Asking on #swh-devel, vlorentz confirmed using something similar.
Quoting: « I looked at git's normalization-related test cases; but they
all use git-add »

Therefore, I guess that’s probably the best tradeoff for now.

Well, I am going to run more tests.


Cheers,
simon
Ludovic Courtès March 3, 2023, 11:12 a.m. UTC | #4
Hi,

Simon Tournier <zimon.toutoune@gmail.com> skribis:

> On Thu, 2 Mar 2023 at 14:15, Ludovic Courtès <ludo@gnu.org> wrote:

[...]

>> I wonder if we could achieve the same without creating a repo just to
>> delete it afterwards, either by invoking a low-level ‘git’ command it if
>> exists, or using Guile-Git, or doing it ourselves in Scheme.
>
> Doing it ourselves in Scheme, I do not know.  I guess it would be
> hard.
[...]

> From my understanding, this information is provided by:
>
> $ cat hidapi.guix/.gitattributes
> * text=auto
>
> *.sln text eol=crlf
> *.vcproj text eol=crlf
>
> bootstrap text eol=lf
> configure.ac text eol=lf

Uh, tricky enough.

[...]

> Kidding aside, I agree that relying on Guile-Git would mean being less
> "fragile".

Libgit2 has an “attr” interface¹ that Guile-Git only partially binds.
That interface works on a repo, so we’d still have to ‘git init’ just to
be able to read those attributes.  Not great.

¹ https://libgit2.org/libgit2/#HEAD/group/attr

But anyway, skimming through gitattributes(5) has convinced me that we
should not try to implement it by ourselves.  :-)

> About low-level 'git' command, maybe the same could be achieved
> without "git init" + "git add" + "git commit".  Well, my gitology is
> not enough skilled. :-)

I did a quick search and didn’t find anything so it looks like the
strategy you chose is the right one.

Thanks,
Ludo’.
Ludovic Courtès March 3, 2023, 1:27 p.m.
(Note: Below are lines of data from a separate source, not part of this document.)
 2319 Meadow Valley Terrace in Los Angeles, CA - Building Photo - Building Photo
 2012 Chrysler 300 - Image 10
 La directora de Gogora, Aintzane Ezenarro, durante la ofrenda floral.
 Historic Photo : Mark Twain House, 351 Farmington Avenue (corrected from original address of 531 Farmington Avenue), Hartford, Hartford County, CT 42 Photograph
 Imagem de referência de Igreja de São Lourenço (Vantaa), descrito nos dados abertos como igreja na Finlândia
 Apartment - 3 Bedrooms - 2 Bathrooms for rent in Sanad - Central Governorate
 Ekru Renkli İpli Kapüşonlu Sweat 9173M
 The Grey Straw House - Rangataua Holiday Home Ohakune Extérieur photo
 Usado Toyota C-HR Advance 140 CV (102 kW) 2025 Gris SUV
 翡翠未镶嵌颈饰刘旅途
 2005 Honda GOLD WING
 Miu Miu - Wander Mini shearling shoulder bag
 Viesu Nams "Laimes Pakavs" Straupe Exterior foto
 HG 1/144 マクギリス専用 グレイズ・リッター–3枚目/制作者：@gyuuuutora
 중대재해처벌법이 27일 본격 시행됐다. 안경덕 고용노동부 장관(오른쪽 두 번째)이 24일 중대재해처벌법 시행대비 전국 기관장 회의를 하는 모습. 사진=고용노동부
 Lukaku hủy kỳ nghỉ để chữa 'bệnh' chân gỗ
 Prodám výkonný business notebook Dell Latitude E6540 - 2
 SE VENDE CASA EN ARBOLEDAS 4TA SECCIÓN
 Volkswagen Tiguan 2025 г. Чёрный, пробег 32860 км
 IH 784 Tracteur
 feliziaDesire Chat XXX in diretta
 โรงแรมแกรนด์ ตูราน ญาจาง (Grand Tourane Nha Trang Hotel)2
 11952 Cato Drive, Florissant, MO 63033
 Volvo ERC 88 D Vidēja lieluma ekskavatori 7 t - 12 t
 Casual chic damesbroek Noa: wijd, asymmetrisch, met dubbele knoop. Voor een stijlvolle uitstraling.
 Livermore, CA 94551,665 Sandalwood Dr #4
UTC | #5
Hi again,

I pushed a slightly modified version of your patch as commit
58f20fa8181bdcd4269671e1d3cef1268947af3a.  It still passes the hidapi
test.  :-)

Let me know if anything’s amiss!

Thanks,
Ludo’.
Simon Tournier March 3, 2023, 6:52 p.m. UTC | #6
Hi,

On Fri, 03 Mar 2023 at 14:27, Ludovic Courtès <ludo@gnu.org> wrote:

> Let me know if anything’s amiss!

The version using ’file-exists?’ works well for Julia packages.  Well, I
will try your submitted one later next week. :-)

Cheers,
simon
diff mbox series

Patch

diff --git a/guix/git-download.scm b/guix/git-download.scm
index a1566bed4d..be0b13615c 100644
--- a/guix/git-download.scm
+++ b/guix/git-download.scm
@@ -1,8 +1,9 @@ 
 ;;; GNU Guix --- Functional package management for GNU
-;;; Copyright © 2014, 2015, 2016, 2017, 2018, 2019, 2020, 2021 Ludovic Courtès <ludo@gnu.org>
+;;; Copyright © 2014-2021, 2023 Ludovic Courtès <ludo@gnu.org>
 ;;; Copyright © 2017 Mathieu Lirzin <mthl@gnu.org>
 ;;; Copyright © 2017 Christopher Baines <mail@cbaines.net>
 ;;; Copyright © 2020 Jakub Kądziołka <kuba@kadziolka.net>
+;;; Copyright © 2023 Simon Tournier <zimon.toutoune@gmail.com>
 ;;;
 ;;; This file is part of GNU Guix.
 ;;;
@@ -162,8 +163,27 @@  (define recursive?
                      (parameterize ((%verify-swh-certificate? #f))
                        (format (current-error-port)
                                "Trying to download from Software Heritage...~%")
+
                        (swh-download (getenv "git url") (getenv "git commit")
-                                     #$output))))))))
+                                     #$output)
+                       ;; Perform CR/LF conversion if specificied by .gitattributes
+                       (when (find-files "." ".gitattributes")
+                         (invoke #+(file-append git "/bin/git") "-C" #$output
+                                 "init")
+                         (invoke #+(file-append git "/bin/git") "-C" #$output
+                                 "config" "--local" "user.email" "you@example.org")
+                         (invoke #+(file-append git "/bin/git") "-C" #$output
+                                 "config" "--local" "user.name" "Your Name")
+                         (invoke #+(file-append git "/bin/git") "-C" #$output
+                                 "add" ".")
+                         (invoke #+(file-append git "/bin/git") "-C" #$output
+                                 "commit" "-am" "'init'")
+                         (invoke #+(file-append git "/bin/git") "-C" #$output
+                                 "read-tree" "--empty")
+                         (invoke #+(file-append git "/bin/git") "-C" #$output
+                                 "reset" "--hard")
+                         (delete-file-recursively
+                          (string-append #$output "/.git"))))))))))
 
   (mlet %store-monad ((guile (package->derivation guile system)))
     (gexp->derivation (or name "git-checkout") build